Sheriff Appeal Court confirms matrimonial property is a family law, not property law, matter
A man who claimed that both a house and the land on which it was built should not be considered “matrimonial property” after his wife raised an action for divorce has had his appeal dismissed.
A sheriff had ruled that the land on which the house had been built was not matrimonial property while the house was, but William Grant argued that since he purchased the land before meeting his wife-to-be Gail Grant, when the house was built it “acceded” to the land and therefore neither were matrimonial property.
However, the Sheriff Appeal Court rejected the appellant’s “property law approach” and allowed a cross-appeal by the respondent, who argued that both the land and the house should constitute matrimonial property in terms of the Family Law (Scotland) Act 1985.
Matrimonial property
Sheriff Principal Craig Turnbull, sitting with Appeal Sheriff Holligan and Appeal Sheriff Small, heard that the appellant acquired the land in 1994 and later that year he and the respondent commenced a relationship.
The parties began living together in February 1996, initially in a flat in Aberdeen and thereafter, from July 1996, in a mobile home situated on the land.
The couple engaged the services of an architect to design a new home to be built on the land and, having been granted planning permission, building work began in July 1997 and was completed in October that year.
At the time the house was completed the parties had resided together for more than a year and intended to continue to live in their new home together as a family.
The couple subsequently had two children together, born in June 1998 and April 2001 respectively, before marrying in June 2003, and they lived together in the house until January 2008 when they separated.
The pursuer respondent commenced proceedings against the appellant in Aberdeen Sheriff Court for divorce and payment of a capital sum, and following a debate the sheriff found that the land on which the house had been built was not matrimonial property, whereas “the building materials that came to represent the physical embodiment of the house” were.
‘House acceded to the land’
Mr Grant appealed against that decision, arguing that the house and the land were not matrimonial property.
The appellant contended that as the land was acquired by the appellant prior to the commencement of the parties’ relationship – and some six years prior to their marriage – it was not matrimonial property.
When the house was built upon the land, the house acceded to the land and the result of accession was that the accessory, namely, the house, became part of the principal, namely, the land.
It was submitted that as the land was not matrimonial property, and as the house became part of the land when it acceded to it, the house was also not matrimonial property.
However, the respondent cross-appealed, arguing that both the land and the house were matrimonial property.
It was accepted that the submissions made by the appellant in relation to the law of accession were uncontroversial, but the respondent maintained that while that provided an answer as to who owned the house built upon the land, it did not determine whether the house and the land were matrimonial property in terms of the 1995 Act.
The respondent submitted that, on a proper interpretation of the 1985 Act, the land and the house were matrimonial property.
Sheriff erred in law
Refusing the appeal and allowing the cross-appeal, the appeal sheriffs agreed that the sheriff had “fallen into error” and remitted the action back to the sheriff court for a proof before answer.
Delivering the opinion of the court, Sheriff Principal Turnbull said: “The first question to address is what, in fact, constitutes the property in question.
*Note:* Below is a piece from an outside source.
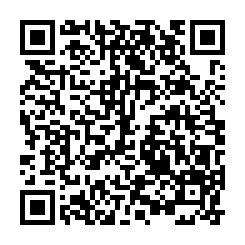 詠騰不動產有限公司-QR CODE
Only by addressing that question can one then move to the second question which is when was that property acquired.
“The property in question comprises both the house and the land upon which it is erected. It is a single item of property not, as the sheriff determined, property which falls in to two separate classes, namely, the land itself on the one hand; and the constituent elements of the house built upon it on the other. That single item of property belonged to the appellant at the relevant date.
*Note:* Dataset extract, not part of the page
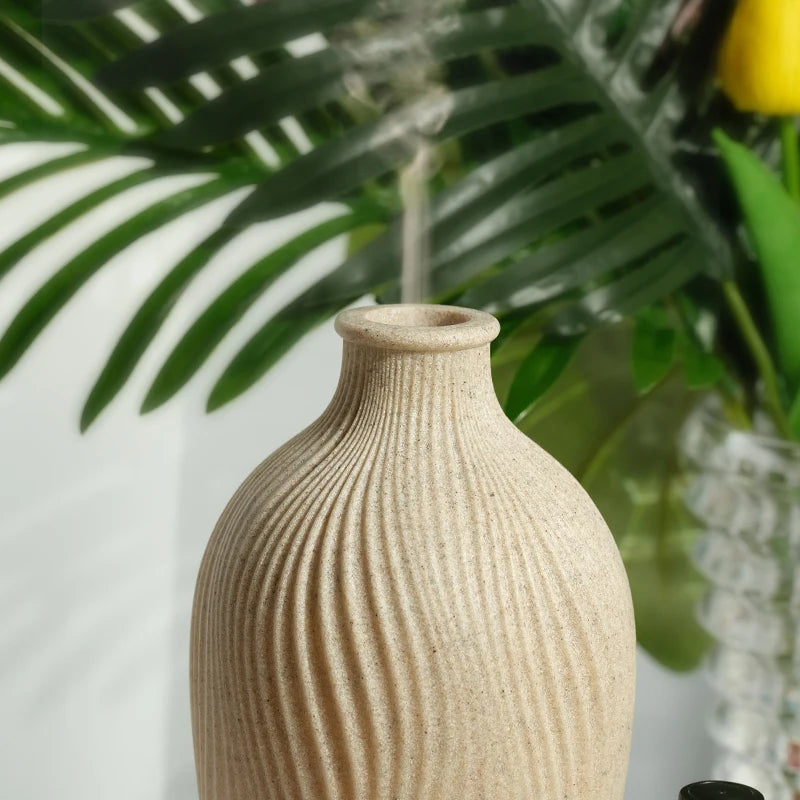 Serenity Aroma Diffuser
“Moving therefore to the second question, the single item of property in issue can only have been ‘acquired’ as and when the house was completed. The appellant seeks to approach the matter as one of property law. It is not.
“The property was, on the respondent’s averments, acquired by the appellant before the marriage for use by the parties as a family home. The law of accession regulates ownership of the property in question; it does not affect whether or not that property is matrimonial property for the purposes of the 1985 Act.
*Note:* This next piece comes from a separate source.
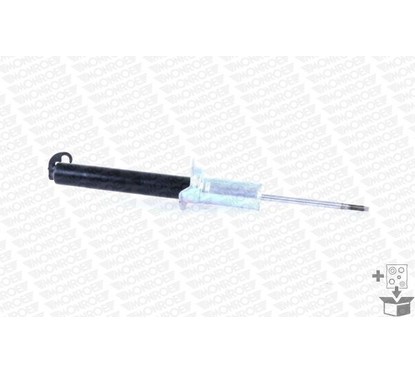 Ammortizzatore Monroe 45009 Per Alfa Romeo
“The third question is whether the property was acquired for use as a family home… Whether the terms of section 10(4)(b) are satisfied requires factual inquiry which includes evidence of the parties’ intentions. In the unusual factual circumstances of the present case, in our opinion, the pursuer has averred sufficient to warrant inquiry as to whether the disputed property is matrimonial property.”
He added: “In conclusion, if the facts averred by the respondent were to be established after proof, the property comprising the house and the land upon which it is erected is matrimonial property.”